06 July 2015

Microsoft mission statement: so many words, most of them empty

Regular readers will be well aware that I am a fan of Financial Times columnist Lucy Kellaway. These same readers will also be aware that I report regularly on big-name executives and big-name companies that consistently demonstrate not only their own poor communication skills, but also their blindness to their shortcomings, hence the benefits of calling in professionals.
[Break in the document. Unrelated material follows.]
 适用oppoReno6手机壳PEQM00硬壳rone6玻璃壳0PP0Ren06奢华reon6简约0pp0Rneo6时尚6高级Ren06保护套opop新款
Lucy's latest piece on this theme, dated 5 July, is entitled Microsoft mission statement: so many words, most of them empty.
Something resembling Microsoft CEO Satya Nadella's new mission statement is available here.
The full text of Microsoft CEO Satya Nadella's email to his 'team' containing the corporation's new 2015 mission statement, as obtained independently by GeekWire, is available here.

Would anyone out there in the blogosphere happen to have any Microsoft translations of this document?

As I've said here before, the translation industry makes life difficult for itself when  it classifies translations into rigid simplistic dichotomies like 'literary v commercial' or 'general v technical'.
Presumably anyone using 'general v technical' — and the underlying assumption that the former is easier than the latter — would classify this mission statement as 'general'.
To my mind, the emptier the text, the harder it is to translate.

Some quotes from Lucy's latest:

... the usual mishmash of “platforms”, “drivers”, “ecosystems”, “aligns”, “DNAs” and “going forwards” — as well as some more ambitious combinations such as “extend our experience footprint”.
This is what routinely passes for CEO communication in corporate America. But what is special about this example is it came from a big leader of a big company making a big announcement. Microsoft’s third chief executive was trying to convince the world that the company has a plan, and to remind employees what it is, in case they had forgotten. Yet what he came up with was unreadable, largely meaningless hyperbole — and no one turned a hair.
In the early days of Microsoft, Bill Gates came up with a vastly better mission: a computer on every desk and in every home.